Chantal, 55 ans, l'une des bénéficiaires du programme, est catégorique: "Pour moi, c'était l'escrime ou les antidépresseurs" raconte-t-elle. En plein milieu de son programme de rééducation, son maître d'armes, malade, a été absent plus de trois semaines: "J'ai filé chez un psychiatre me faire prescrire des antidépresseurs, avant que le professeur ne revienne in extremis".
Sport de combat, l'escrime est également un exutoire pour des femmes à peine sorties d'une épreuve terrible. "Ca me permettait de libérer une certaine colère par rapport à la maladie, reprend Chantal.
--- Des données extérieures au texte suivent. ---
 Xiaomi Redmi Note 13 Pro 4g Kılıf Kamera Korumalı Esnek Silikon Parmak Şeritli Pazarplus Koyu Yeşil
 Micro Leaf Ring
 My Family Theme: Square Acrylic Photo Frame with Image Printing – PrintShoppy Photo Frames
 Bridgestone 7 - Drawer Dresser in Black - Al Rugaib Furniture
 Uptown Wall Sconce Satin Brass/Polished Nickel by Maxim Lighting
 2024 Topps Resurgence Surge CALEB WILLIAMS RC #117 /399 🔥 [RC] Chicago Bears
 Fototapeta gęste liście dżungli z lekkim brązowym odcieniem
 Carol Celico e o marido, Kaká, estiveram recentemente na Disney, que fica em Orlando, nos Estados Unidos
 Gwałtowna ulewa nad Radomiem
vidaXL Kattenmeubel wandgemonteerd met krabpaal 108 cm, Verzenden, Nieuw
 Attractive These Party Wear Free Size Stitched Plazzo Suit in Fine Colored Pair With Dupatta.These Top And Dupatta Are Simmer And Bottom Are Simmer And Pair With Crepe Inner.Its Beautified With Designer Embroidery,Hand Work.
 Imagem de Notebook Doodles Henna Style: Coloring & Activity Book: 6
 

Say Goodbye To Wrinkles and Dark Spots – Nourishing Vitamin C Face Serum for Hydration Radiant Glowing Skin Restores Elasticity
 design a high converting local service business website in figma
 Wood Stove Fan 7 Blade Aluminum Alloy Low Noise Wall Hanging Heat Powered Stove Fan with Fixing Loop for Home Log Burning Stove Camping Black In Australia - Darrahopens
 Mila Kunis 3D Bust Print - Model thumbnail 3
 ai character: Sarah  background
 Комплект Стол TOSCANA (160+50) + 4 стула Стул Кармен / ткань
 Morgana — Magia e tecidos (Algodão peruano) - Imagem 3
Je tapais parfois au lieu de toucher. Je tapais pour exprimer ma colère".
Depuis 2010, plus de 100 femmes de 30 à 70 ans ont bénéficié du programme, y compris une patiente opérée des deux seins simultanément, et soumise donc à une rééducation des deux bras.
Partie de Toulouse, où oeuvre son initiatrice, l'opération "escrime et cancer du sein" a essaimé à Nantes, Strasbourg, Montpellier, Bordeaux, Orléans, avec l'aide de la fédération française, et ne connaît qu'une limite: la disponibilité de ses chevilles ouvrières, médecins et maîtres d'armes, tous bénévoles.
Du côté des organismes de santé, certaines mutuelles pourraient bien se laisser séduire et rembourser les leçons de sabre de ces escrimeuses un peu particulières. "Les mutuelles ont souvent peur de payer pour quelque chose qui ne se fera pas. Là, on a prouvé la faisabilité de l'opération", veut croire le Dr Hornus-Dragne.